(Source information)

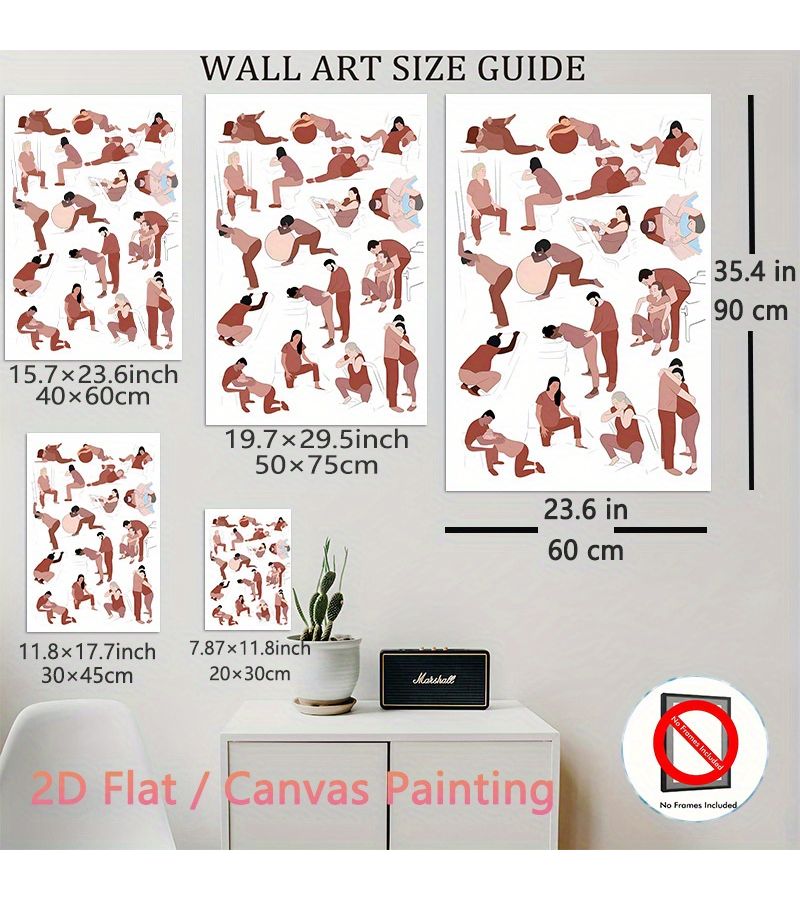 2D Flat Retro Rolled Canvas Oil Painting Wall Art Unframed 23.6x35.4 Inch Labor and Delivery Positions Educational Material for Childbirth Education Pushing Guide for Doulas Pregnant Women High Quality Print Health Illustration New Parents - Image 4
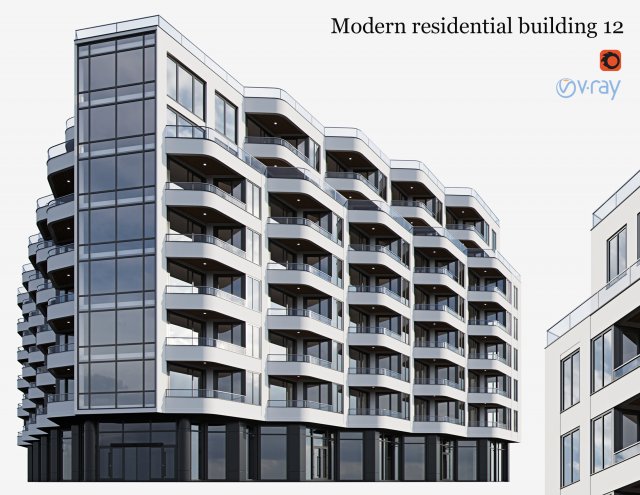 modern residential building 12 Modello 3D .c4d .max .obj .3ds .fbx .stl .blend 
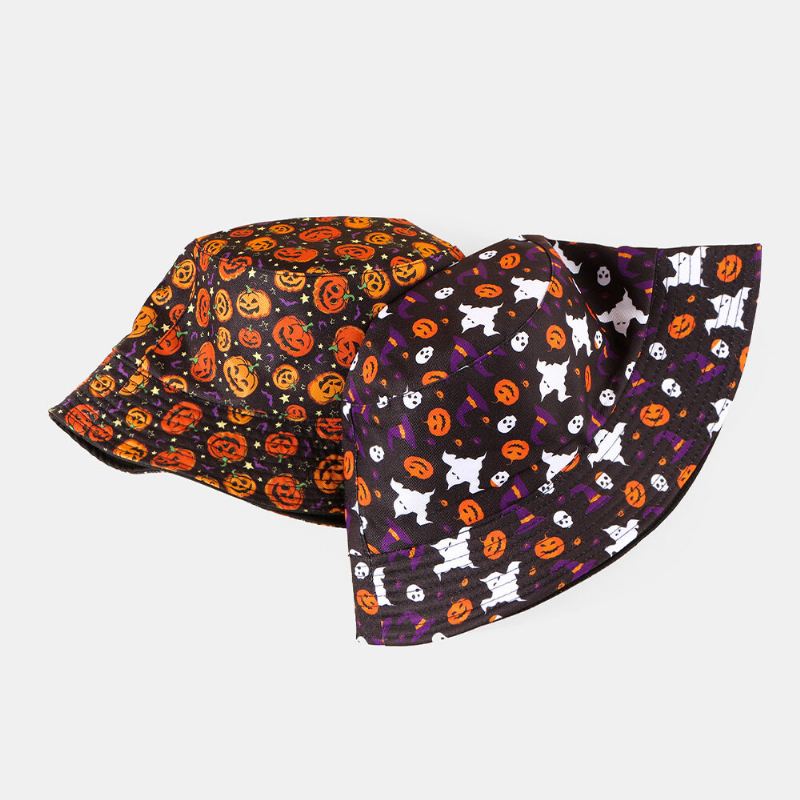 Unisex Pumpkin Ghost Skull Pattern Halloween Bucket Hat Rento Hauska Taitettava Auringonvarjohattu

(End Source information)
(Source information)

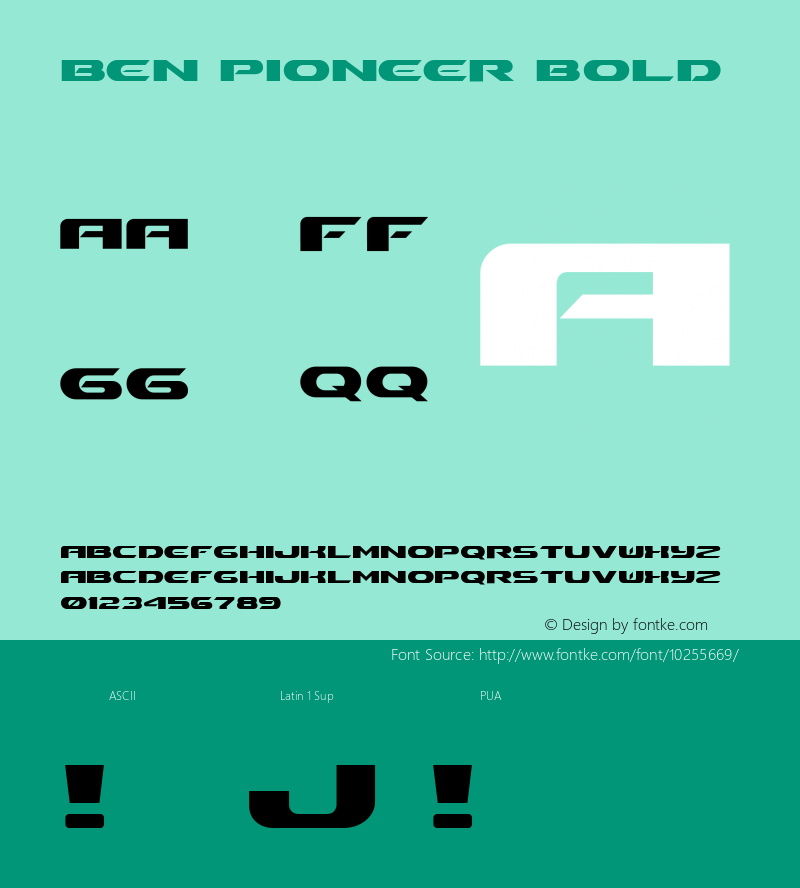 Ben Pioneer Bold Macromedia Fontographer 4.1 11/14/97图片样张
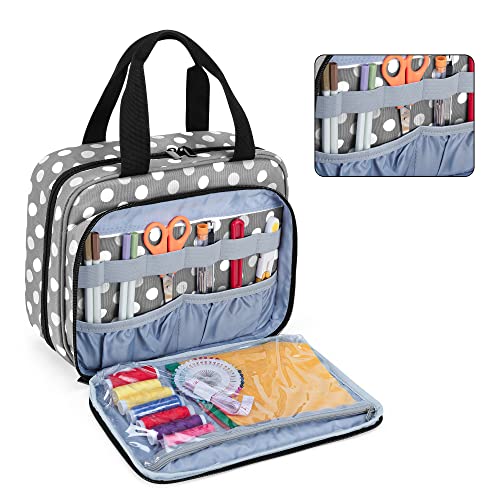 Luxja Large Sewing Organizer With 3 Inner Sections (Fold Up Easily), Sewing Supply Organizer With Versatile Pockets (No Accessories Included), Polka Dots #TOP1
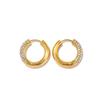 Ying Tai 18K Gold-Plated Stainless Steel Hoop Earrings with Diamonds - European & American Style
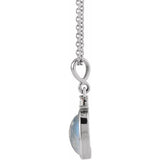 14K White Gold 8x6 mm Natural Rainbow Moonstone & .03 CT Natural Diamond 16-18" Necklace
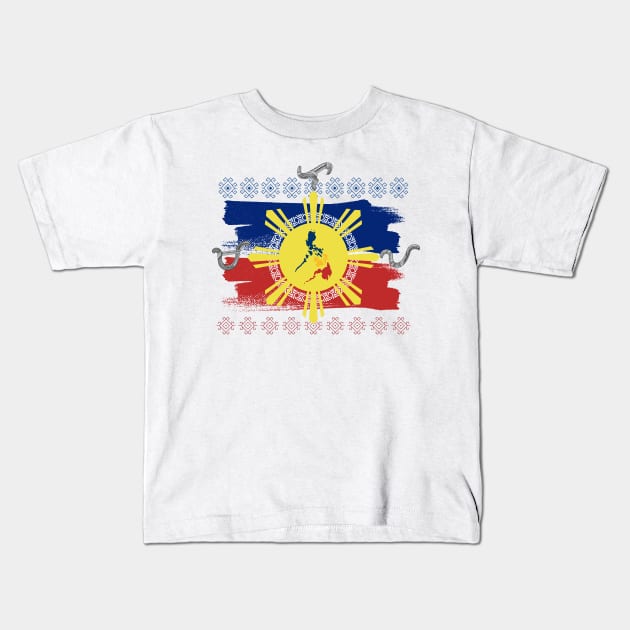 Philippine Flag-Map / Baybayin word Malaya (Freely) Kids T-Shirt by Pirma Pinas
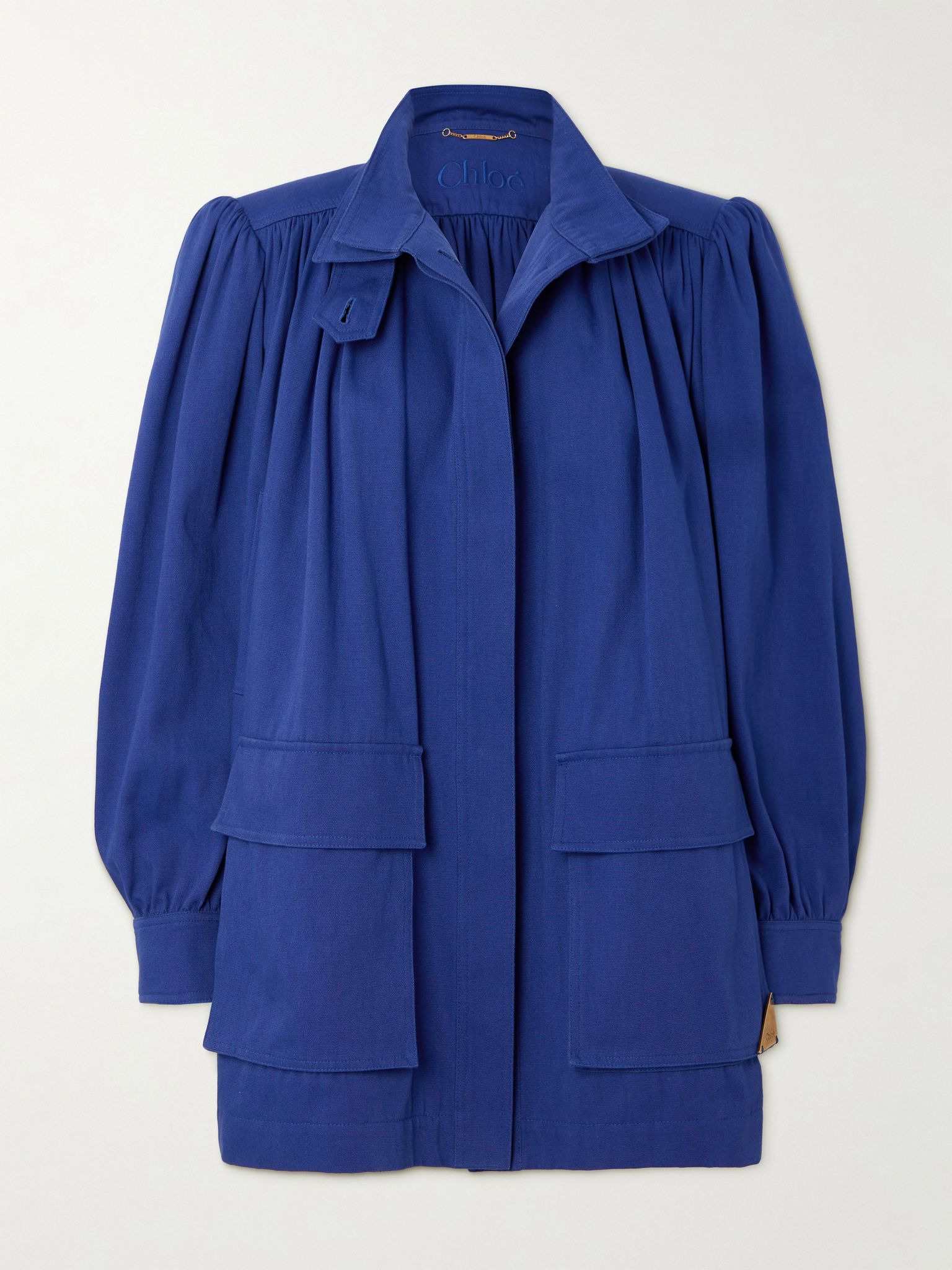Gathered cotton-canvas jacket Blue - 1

(End Source information)

* _Exercise directions_
Repeat only the stretch of data above that runs from the line with "Ben Pioneer Bold" to the line with "Gathered cotton-canvas jacket Blue - 1". Keep both end lines; exclude pictures.

* _Task result_
 Ben Pioneer Bold Macromedia Fontographer 4.1 11/14/97图片样张
 Luxja Large Sewing Organizer With 3 Inner Sections (Fold Up Easily), Sewing Supply Organizer With Versatile Pockets (No Accessories Included), Polka Dots #TOP1
 Ying Tai 18K Gold-Plated Stainless Steel Hoop Earrings with Diamonds - European & American Style
 14K White Gold 8x6 mm Natural Rainbow Moonstone & .03 CT Natural Diamond 16-18" Necklace
 Philippine Flag-Map / Baybayin word Malaya (Freely) Kids T-Shirt by Pirma Pinas
Gathered cotton-canvas jacket Blue - 1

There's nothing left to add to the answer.